I expected his picky eating to be a phase that he’d grow out of, as countless people assured me it would. I suppose there is still time for that to occur, since he’s only 2 ½ years old, but it seems like it never will. Especially when we are at kids’ birthday parties and the inevitable cheese pizza is served. Mine is the only kid who would rather eat a bag of Baked Snap Pea Crisps than that mozzarella-covered cardboard they often try to pass off as pizza.
|Mandatory Kids' Birthday Party Meal|
You might be thinking that it’s much better for him to eat baked vegetable snacks than greasy pizza, which is probably true health-wise. I often wonder about the social component of his pickiness. People have suggested that he’ll evolve when he is around other kids. Um, he’s sitting next to 20 other kids who are all eating pizza and he’s not. Must he go to Burning Man for a bigger crowd?
We are very lucky to have a happy, healthy boy who is consistently near the top of the growth chart, so I shouldn’t be complaining. But the frustration caused by his unwillingness to even taste certain foods is compounded by the fact that he frequently talks about them. Yes, my son is an E.T., an Eating Tease.
Sometimes Mrs. Dude or I will ask what he wants to eat, though we know it’s really a rhetorical question since he eats the same 5 things every day. Occasionally he’ll surprise us and say he wants pizza, for example, and immediately qualifies his request with “for real!” to add validity. So we make the pizza, put it in on his plate, and watch as once again he’d rather skip dinner than suffer through the horror of cheese baked on top of tomato sauce and dough. And every time this happens I feel like Charlie Brown when Lucy pulls the football. Good grief.
The Little Dude’s eating repertoire has been virtually the same for the last year and a half. He does have an affinity for breakfast food, but beyond that I’m running out of ideas. This is the same kid who ate Kraft Macaroni & Cheese for dinner EVERY NIGHT for more than a year, and that only ended because we stopped giving it to him every night. Now the great majority of his evening meals are anchored by (Nitrate-Free) Turkey Dogs, aka the only type of “meat” that he’ll consider eating.
There is one exception to his edict of not trying new foods, and that is if he determines that an item is a cookie, cake, candy or other type of sweet. He can hone in on a dry-looking Do-Si-Do from 20 yards away even though he’s never seen one before but the thought of a dinosaur-shaped chicken nugget is torturous. How he developed that sixth sense, I’ll never understand.

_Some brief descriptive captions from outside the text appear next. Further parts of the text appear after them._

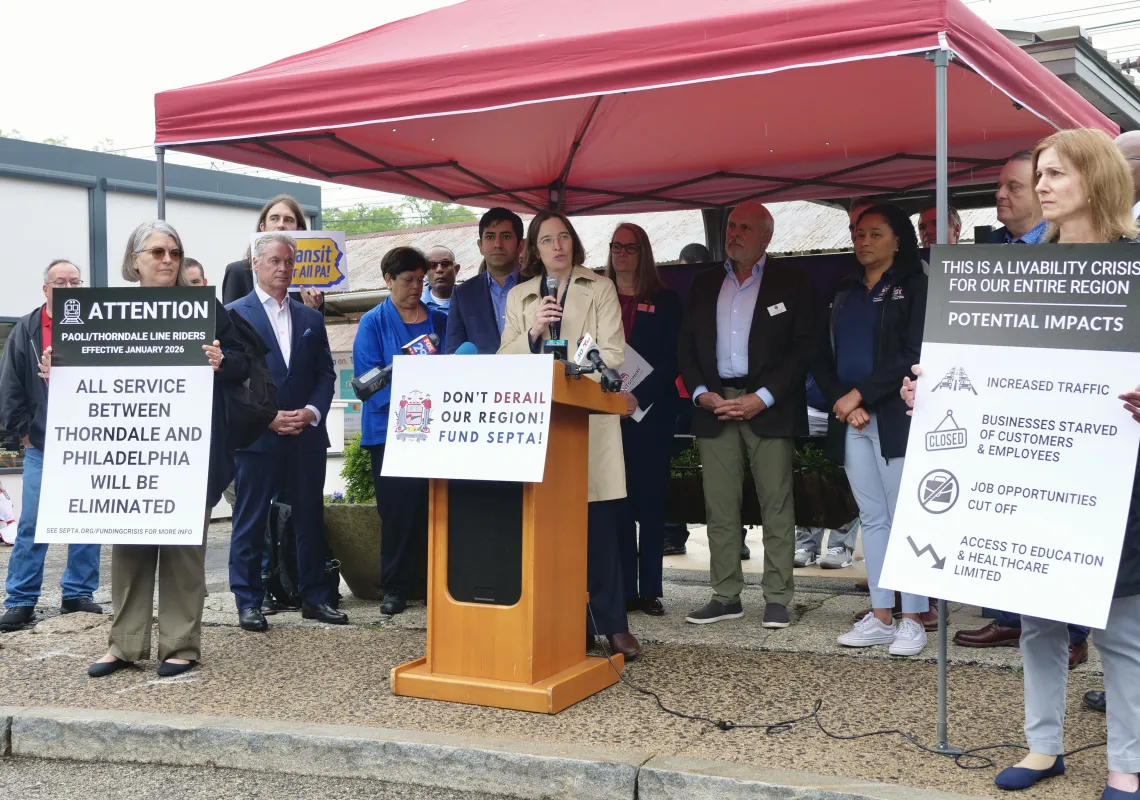Wendy speaking at press conference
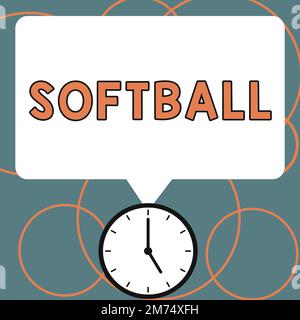 Schild mit Softball. Ein Wort, das auf einem Sport geschrieben wurde, ähnlich wie Baseball, der mit einem Ball und einer Fledermaus gespielt wurde Stockfoto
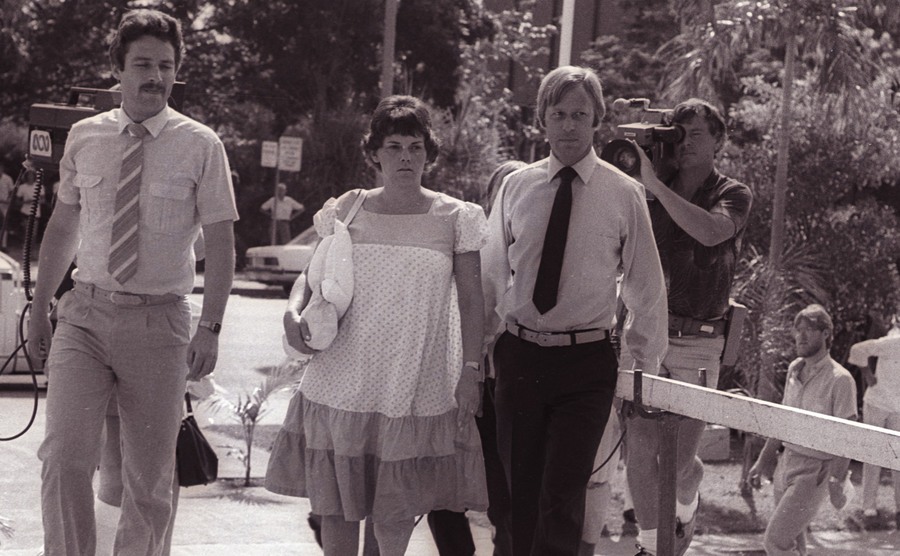 An image of Lindy arriving at court during her pregnancy.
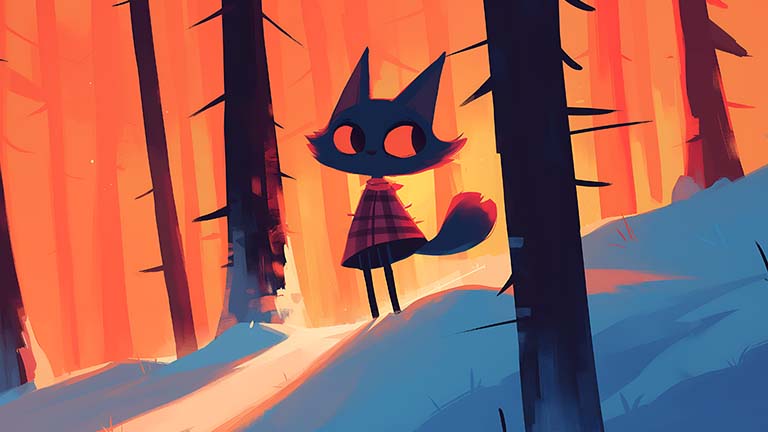 kitty winter forest cute desktop wallpaper cover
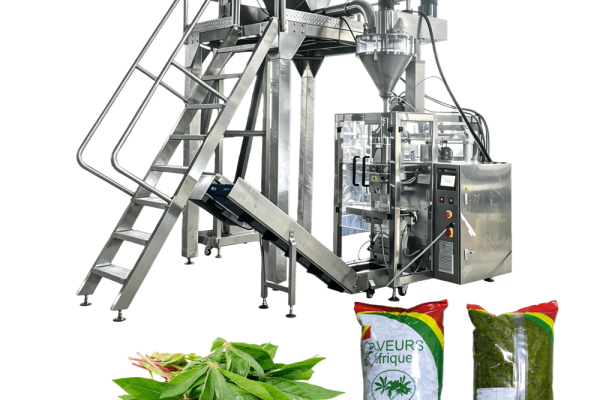 Máquina automática para moler y envasar hojas de yuca
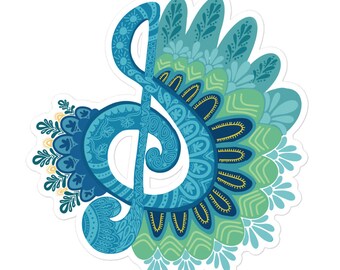 Music Note Zentangle Blue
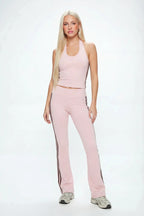 Active Halter Top & Flare Legging Set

|Double-fisting vanilla cones|
People who know me well have suggested that this is my payback for behavior from 25-30 years ago. You see, I was a picky eater once, too. In fact, I ate the same lunch virtually every day from kindergarten through 6th grade: peanut butter & jelly. I’ve broadened my horizon since then, but even at my pickiest stage I ate at least a few other items. I think I can count every item the Little Dude eats on my fingers and toes. And that’s including both Original and Honey Nut Cheerios.
So what should we do? As a parent, this is incredibly frustrating on so many levels. We can’t go to a restaurant without packing a full meal, because the likelihood of him eating something from the menu is almost nil. Unless they serve hotdogs. And even then, he won’t eat the French fries or carrots served with it. He’d much rather eat a half-dozen Trader Joes rice cakes. Maybe he has the right idea after all.
How have you dealt with a picky eater?